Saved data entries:
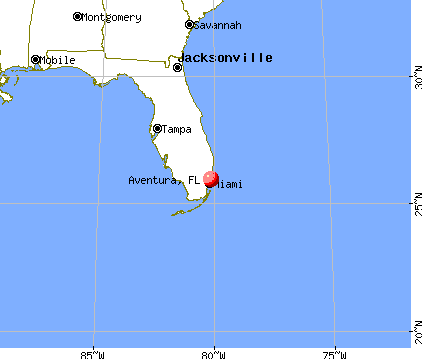 Aventura, Florida (FL 33160, 33180) profile: population, maps 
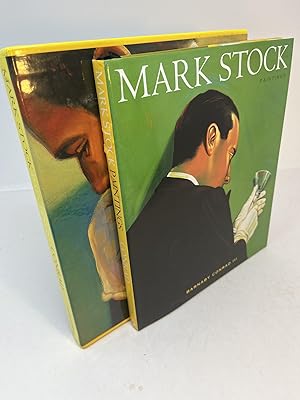 MARK STOCK PAINTINGS. (signed)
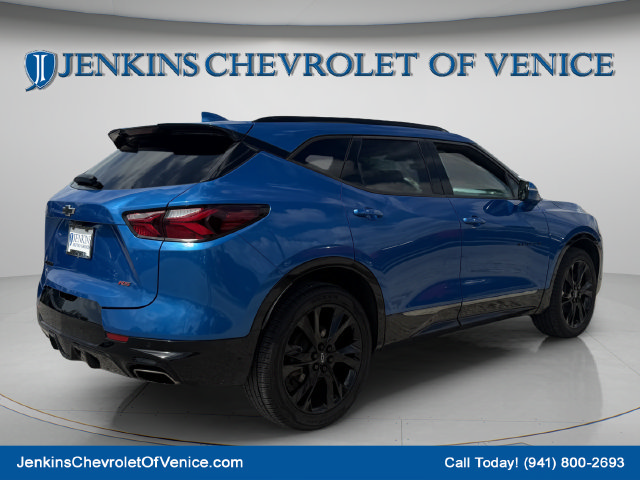 Used 2021 Chevrolet Blazer RS w/ Enhanced Convenience Package FWD image 5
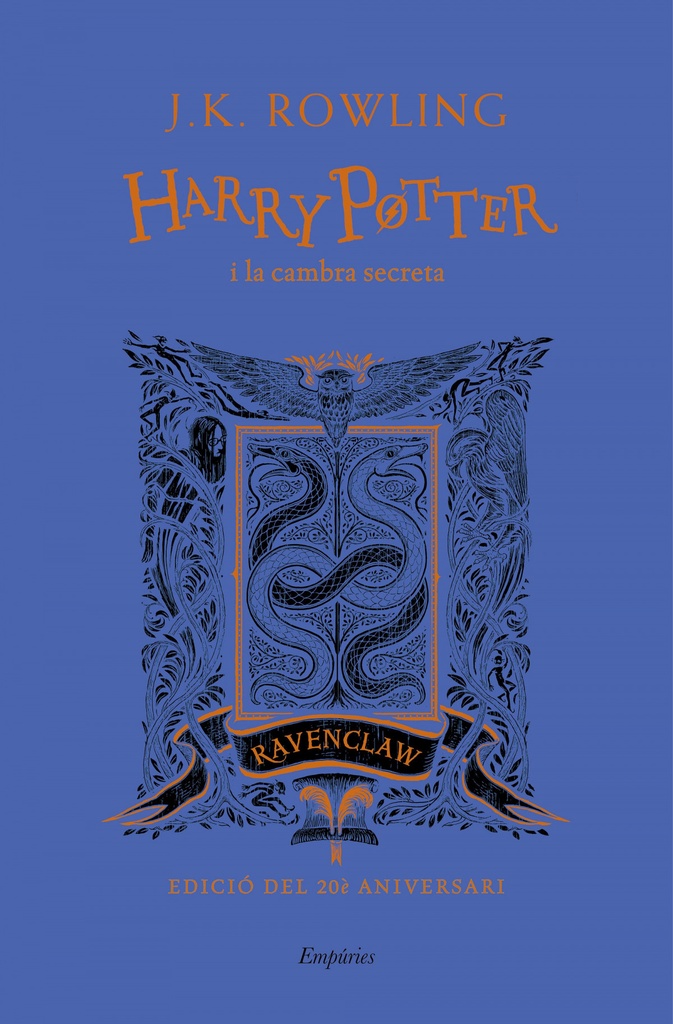 [9788417879624] Harry Potter i la cambra secreta (Ravenclaw)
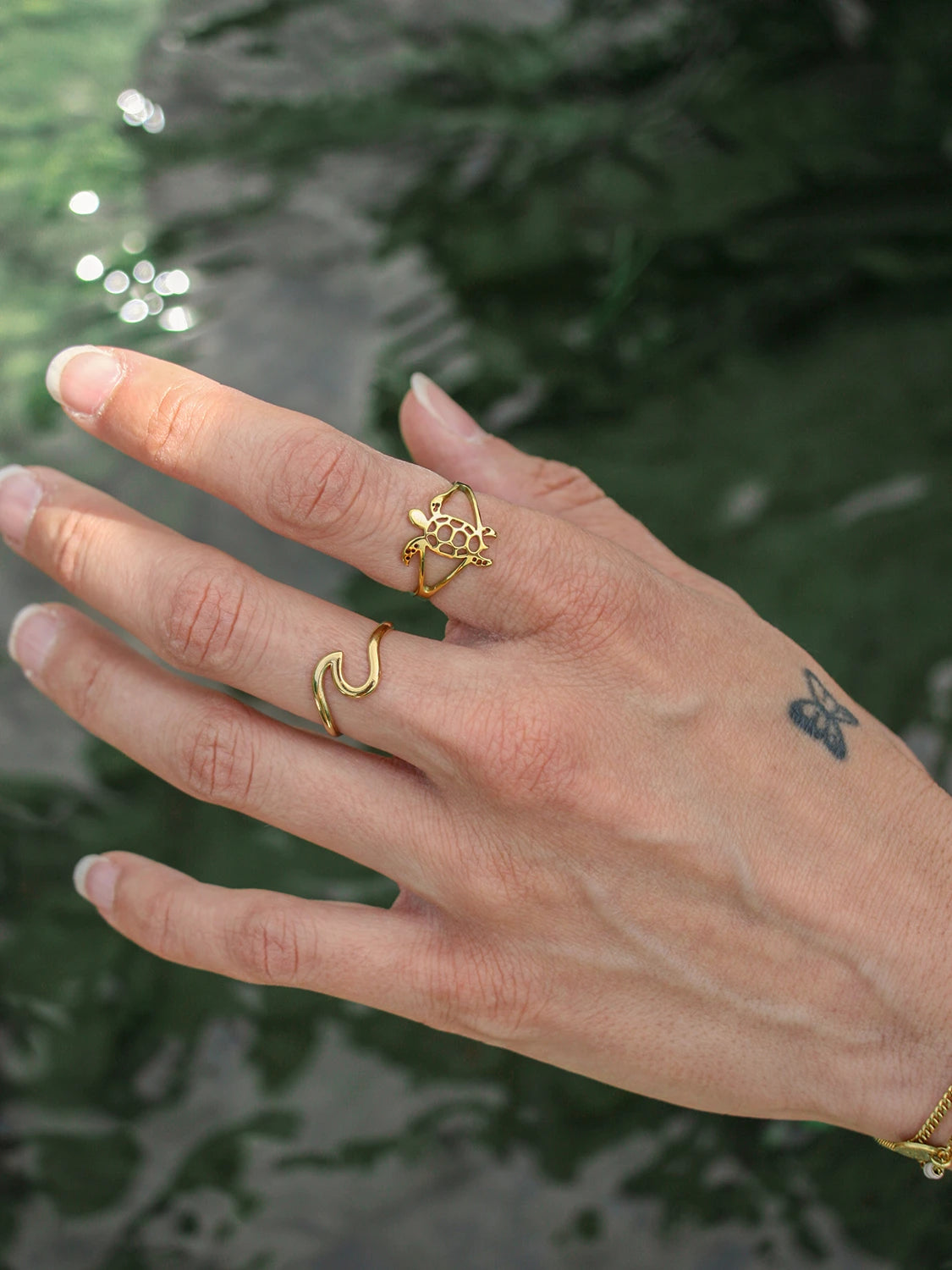 Gold Théra Ring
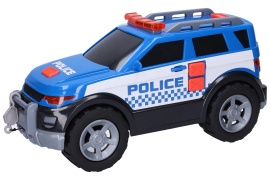 Wiky Policajné auto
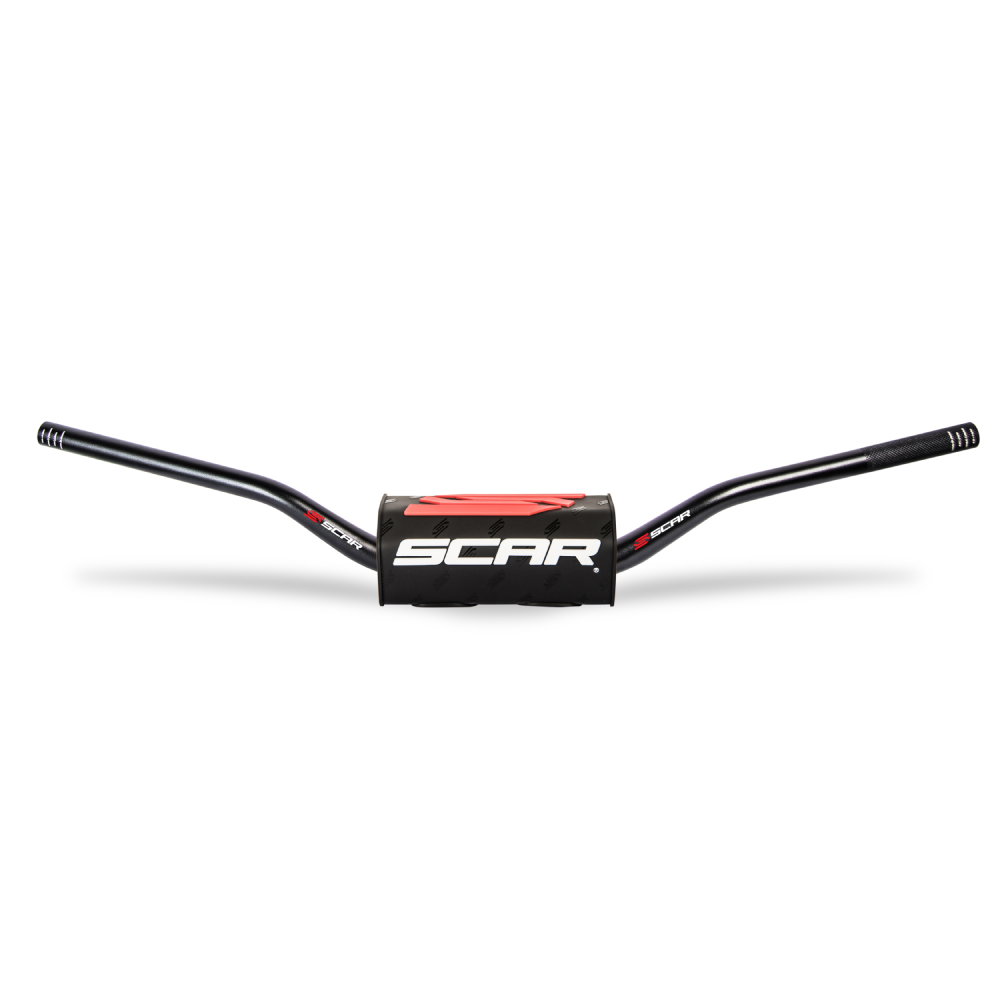 Handlebar Scar 28.6 mm O2 bend McGrath KTM black-black Handlebar Scar 28.6 mm O2 bend McGrath KTM black-black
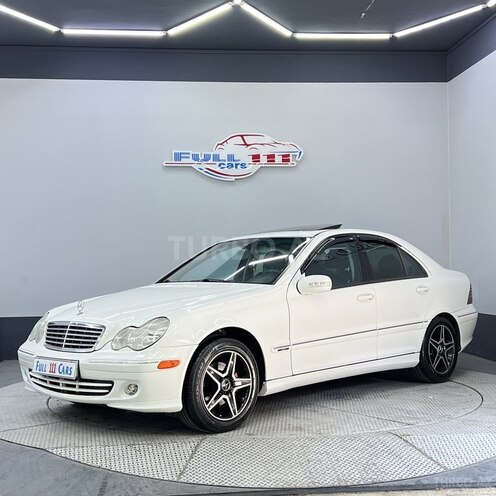 Mercedes C 240 2003, 225,158 km - 2.6 l - Sumqayıt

◆ **THE PROBLEM**
What is needed is the exact run of lines from the start of the data through the line with "Gold Théra Ring", both ends included, minus the pictures.

◆ **YOUR SOLUTION**
 Aventura, Florida (FL 33160, 33180) profile: population, maps 
 MARK STOCK PAINTINGS. (signed)
 Used 2021 Chevrolet Blazer RS w/ Enhanced Convenience Package FWD image 5
 [9788417879624] Harry Potter i la cambra secreta (Ravenclaw)
 Gold Théra Ring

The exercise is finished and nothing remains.